→ **About this exercise**: Below are records; extract exactly the lines from the one containing "ACCESSORIO MONTAGGIO GRUPPI" through the last, both included, and keep the pictures out.

→ **Working data**:
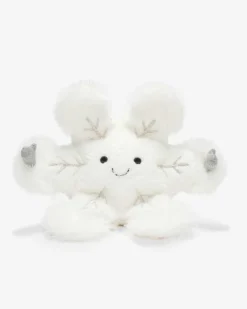 Snowflake Plüschtier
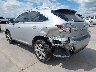 2T2ZK1BA2AC****** Salvage and Repairable 2010 Lexus RX 350 in San Antonio South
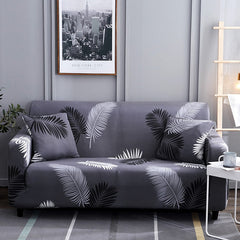 Elastic Sofa Slipcovers Modern Sofa Cover for Living Room protector L shape anti-dust washable Couch Cover
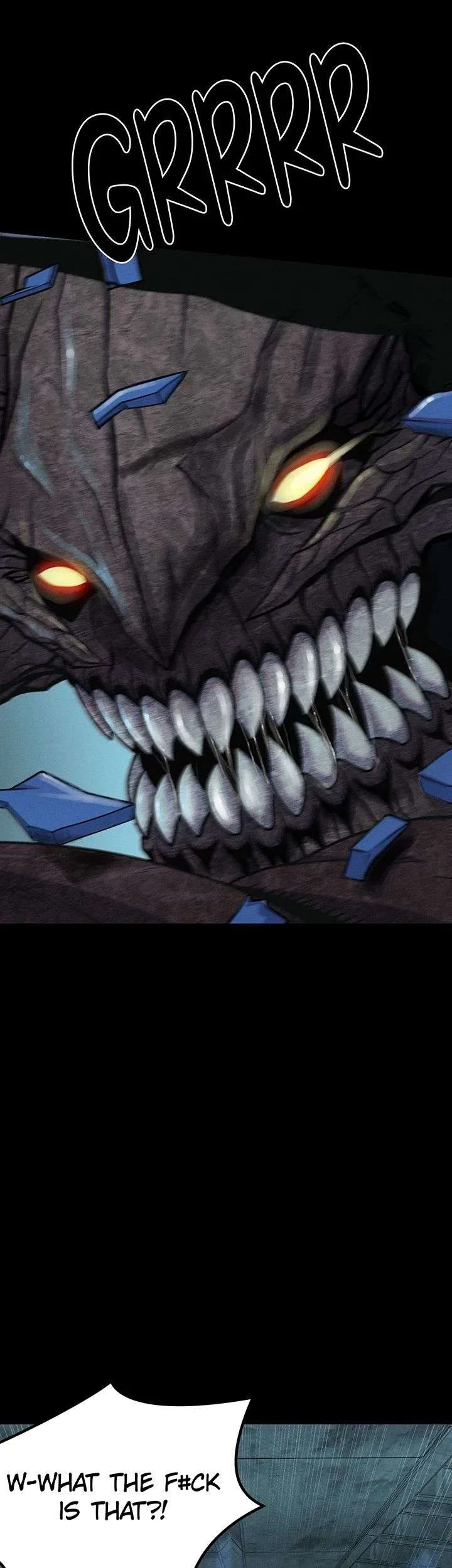 I Became an Evolving Space Monster Chapter 89 page 30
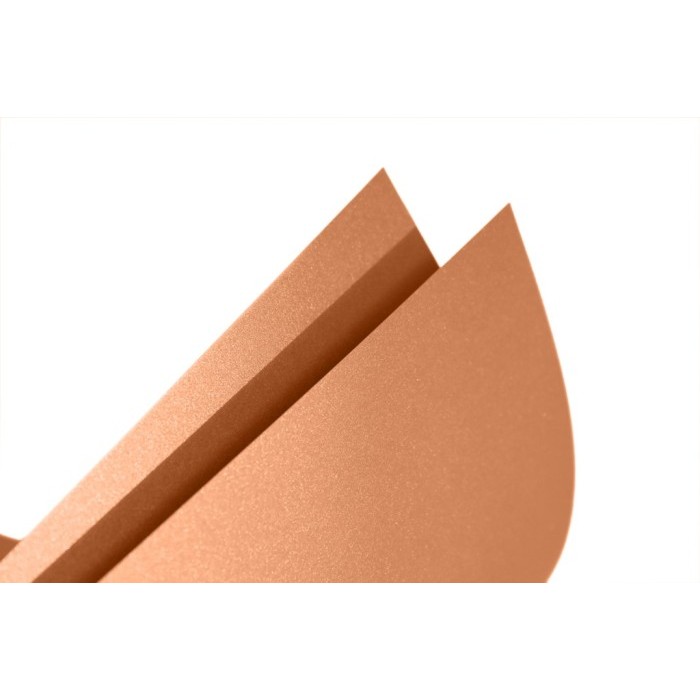 

Fancy Paper 230 gsm A3 - Bronze Tembaga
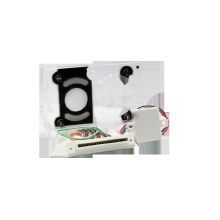 ACCESSORIO MONTAGGIO GRUPPI AUDIO/VIDEO I.. - COMELIT 1250IV product photo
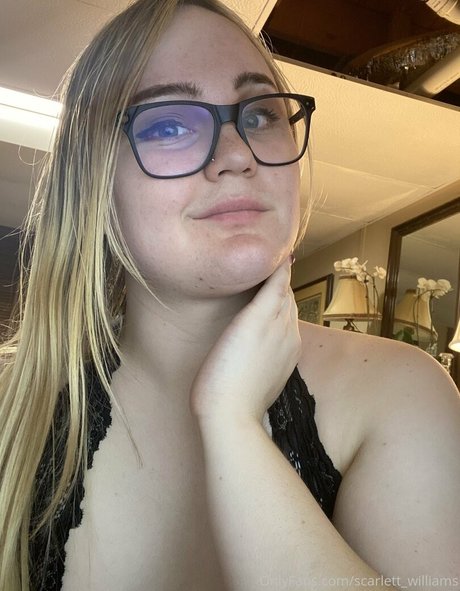Scarlett Williams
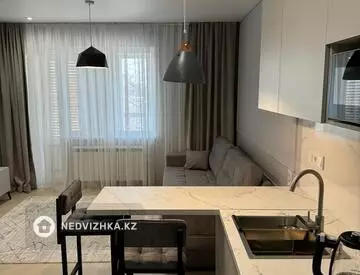 1-комнатная квартира, этаж 5 из 10, 33 м², На длительный срок, миниатюра 8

→ **Task output**:
 ACCESSORIO MONTAGGIO GRUPPI AUDIO/VIDEO I.. - COMELIT 1250IV product photo
Scarlett Williams
 1-комнатная квартира, этаж 5 из 10, 33 м², На длительный срок, миниатюра 8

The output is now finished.